Suddenly Fiona and Ziva were smiling.
"Did you really think we didn't know about each other, Michael?" said Fiona.
"Just how stupid do you think we are, Michael?"
I shrugged, and picked my words very carefully; "A lot less stupid than me."
"Good answer," said Sam.
Fiona and Ziva sat, and Fiona started to drum her fingers on the table.
Eventually I said "What?"
"Where are our drinks, Michael?"
I went to get them.
Harry was in the car when I drove home. I'm sorry to say that my late father was less than impressed with my performance.
"What were you trying to do there, Dexter? Make them think you're a flake?"
"Better a flake than a killer. The worse they'll think of me is that I don't agree with LaGuerta, and that just makes me an honest man. Everything else was just window dressing to confirm that I'm a concerned brother and father who doesn't get enough sleep."

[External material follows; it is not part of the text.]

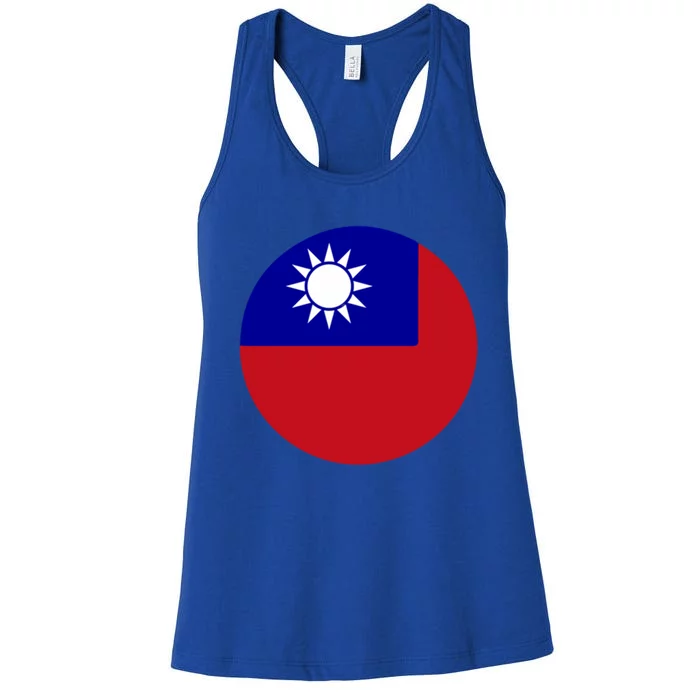 Taiwan Flag Taiwanese Pride Patriot White Sun Gift Women's Racerback Tank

"You don't. You've identified Trinity, isn't it time for him to die?"
"When I'm ready; there's still more to learn from him."
"It's too dangerous, Dexter. Those people aren't cops; they don't obey police rules, and they've been trained to think outside the box."
"I can handle it."
"Like you handled Doakes? Lila isn't around to do your dirty work, and things are getting too complicated. Kill Trinity now or back off and let them catch him. This isn't a time to play games."

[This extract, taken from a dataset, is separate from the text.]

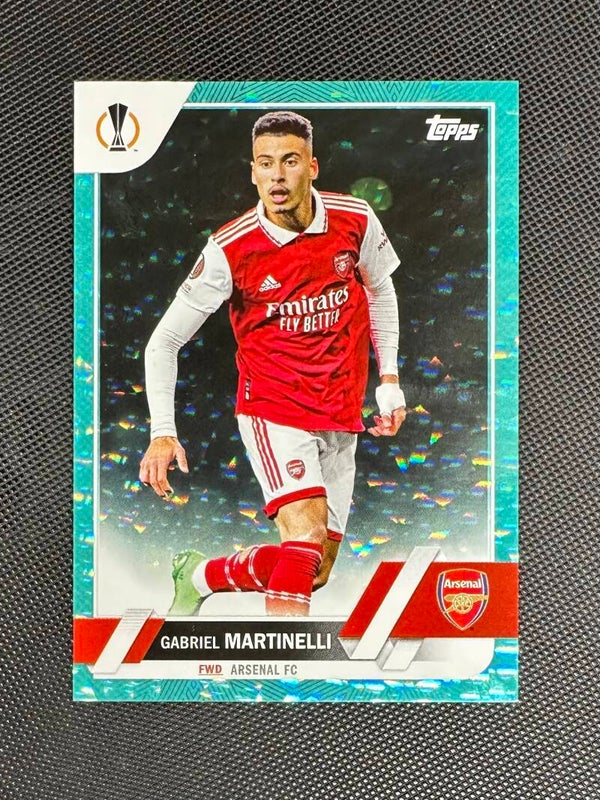 Gabriel Martinelli /399 Topps UEFA Club Competitions 2022/23 Aqua Icy #57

"I'll… I'll think about it."
I stopped at lights, and when I started again he was gone.
When I got home Cody and Aster were playing a boisterous game in the garden. I joined in for a while to keep them out of Rita's hair while she was fixing dinner, did a few chores around the house, then once the kids were in bed said I had to catch up on some paperwork, and settled down with my laptop.
Westen turned out to be a local boy. I found a little about him on an old high school site; his name mentioned in his father's obituary, a brother with a history of petty crime. Westen himself seemed to have vanished after high school; there was nothing more recent. Nobody moves through the world as quietly as that, not even me, unless someone takes immense trouble to cover their tracks. He didn't show up on police databases, which was odd if he was active in Miami. I thought about trying to get into the records of other agencies, but decided it would be too risky. I couldn't find anything at all on his friend Axe. It probably wasn't his real name.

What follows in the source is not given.